Dec 26, 2025

Part 3. Data Validation with Pytest

Continue the data validation following prior one now using pytest. Before using pytest, I have written a standard python script to check my data. It works well actually but I thought I wanted to see how it works with pytest.

Here’s some of my learnings.

Key Syntax & Concepts

Fixtures (`@pytest.fixture`)

Fixtures are setup functions, and I can use the fixture to avoid in-place data updates, which happens a lot in DS work.

scope="session": This is critical for performance. It tells Pytest to load the dataframe once and keep it in memory for the entire test run.
Without this: Pytest would reload the Parquet file 50 times if I have 50 tests.
autouse=True: Automatically applies the fixture to every test without needing to request it as an argument. I used this for the Polars display config so tables always look nice in logs.

1
@pytest.fixture(scope="session")
2
def df():
3
    # only reads disk once!
4
    return pl.read_parquet("sample_data.parquet")

Parametrization (`@pytest.mark.parametrize`)

This is the engine of the validation suite. It allows us to write one test function but run it multiple times with different inputs.

How I used it:

Generate the list of cases: I used list comprehensions to extract rules from the YAML schema.

1
# creates a list like: [('age', 0), ('salary', 20000)]
2
min_val_rules = get_rules("min")

Decorate the test:

1
@pytest.mark.parametrize("col, min_val", min_val_rules)
2
def test_min_val(df, col, min_val):
3
    # this function runs once for every item in min_val_rules
4
    ...

Syntax Deep Dive: `@pytest.mark.parametrize`

The syntax can be confusing because it links strings to function arguments.
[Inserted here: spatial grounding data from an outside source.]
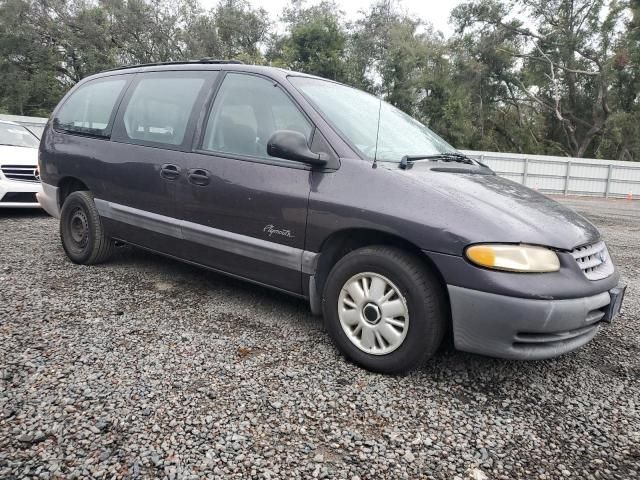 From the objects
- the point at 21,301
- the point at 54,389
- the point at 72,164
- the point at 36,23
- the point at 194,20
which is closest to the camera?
the point at 54,389

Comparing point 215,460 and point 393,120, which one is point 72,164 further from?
point 215,460

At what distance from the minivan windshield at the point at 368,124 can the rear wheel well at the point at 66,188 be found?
95.2 inches

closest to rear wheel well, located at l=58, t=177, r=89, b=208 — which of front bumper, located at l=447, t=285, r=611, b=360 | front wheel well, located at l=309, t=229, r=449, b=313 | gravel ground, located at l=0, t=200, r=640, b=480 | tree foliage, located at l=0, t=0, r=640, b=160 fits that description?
gravel ground, located at l=0, t=200, r=640, b=480

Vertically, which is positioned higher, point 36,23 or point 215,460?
point 36,23

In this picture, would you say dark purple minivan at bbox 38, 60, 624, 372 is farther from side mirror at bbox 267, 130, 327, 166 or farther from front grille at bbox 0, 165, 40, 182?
front grille at bbox 0, 165, 40, 182

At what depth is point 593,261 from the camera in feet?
8.33

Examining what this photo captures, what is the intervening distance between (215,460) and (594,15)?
33.7 metres

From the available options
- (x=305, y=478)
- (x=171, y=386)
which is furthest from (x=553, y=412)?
(x=171, y=386)

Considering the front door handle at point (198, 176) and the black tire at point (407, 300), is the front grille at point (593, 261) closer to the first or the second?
the black tire at point (407, 300)

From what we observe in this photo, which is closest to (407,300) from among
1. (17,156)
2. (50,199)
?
(50,199)

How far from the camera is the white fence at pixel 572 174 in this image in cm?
1881

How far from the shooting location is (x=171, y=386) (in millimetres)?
2365

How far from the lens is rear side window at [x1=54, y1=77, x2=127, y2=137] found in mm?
4035

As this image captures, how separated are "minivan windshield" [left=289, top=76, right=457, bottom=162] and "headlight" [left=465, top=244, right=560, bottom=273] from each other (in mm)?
868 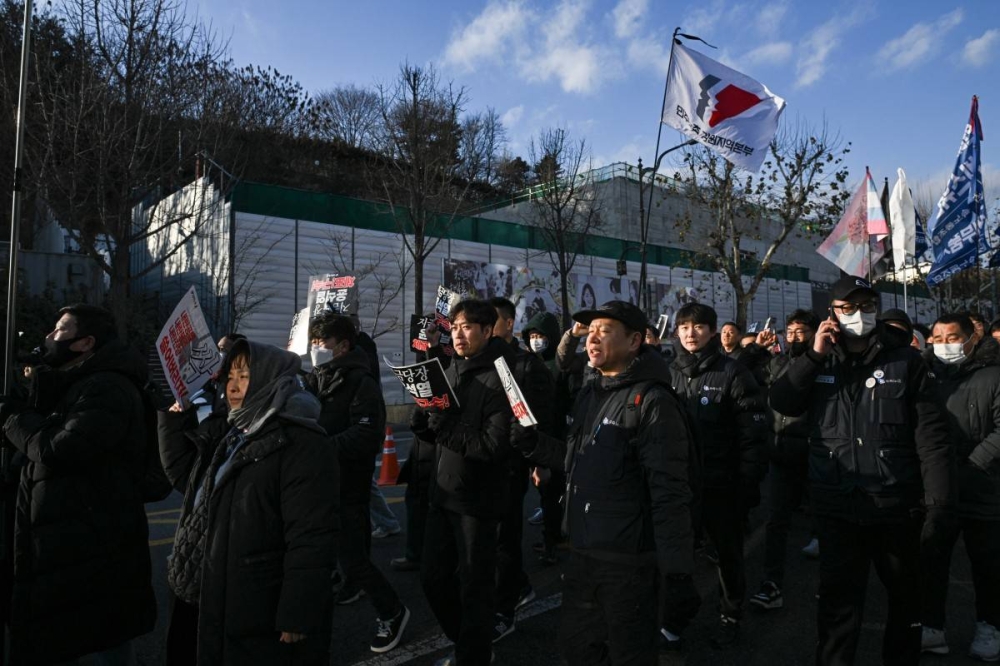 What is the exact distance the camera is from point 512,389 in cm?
344

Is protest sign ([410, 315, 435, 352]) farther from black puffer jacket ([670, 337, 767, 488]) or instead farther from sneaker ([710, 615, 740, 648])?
sneaker ([710, 615, 740, 648])

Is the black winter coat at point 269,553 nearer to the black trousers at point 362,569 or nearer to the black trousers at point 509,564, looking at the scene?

There are two main arguments you must provide:

argnames (String): A comma-separated string identifying the variable names.
argvalues (List): A list of data.

1
import pytest
2

3
#                       (1) THE NAMES              (2) THE DATA
4
#                            │                          │
5
#                            ▼                          ▼
6
@pytest.mark.parametrize("param_name, another_param", [
7
    (value1_a, value1_b),
8
    (value2_a, value2_b),
9
    # ... more test cases
10
])
11

12
def test_function(param_name, another_param):
13
#                        ▲       ▲
14
#                        │       │
15
#                 (3) MUST MATCH EXACTLY
16
    assert param_name + another_param > 0

Best Practices for Data Validation

Fail Fast vs. Collect Errors: Pytest collects errors by default (good).
Schema as Code: Keeping rules in schema.yaml makes it readable for non-coders (like PMs or stakeholders).
Sanity Check the Fixture: My df fixture includes a try/except block. If the input file doesn’t exist, pytest.fail stops the whole suite immediately, saving time.
Display Settings: Setting pl.Config.set_tbl_rows(20) in the autouse fixture ensures that if I print a dataframe in a failed test for debugging, I can actually see the data in the CI/CD logs.

Next Step: “Source of Truth” Comparison (The Anti-Join Pattern)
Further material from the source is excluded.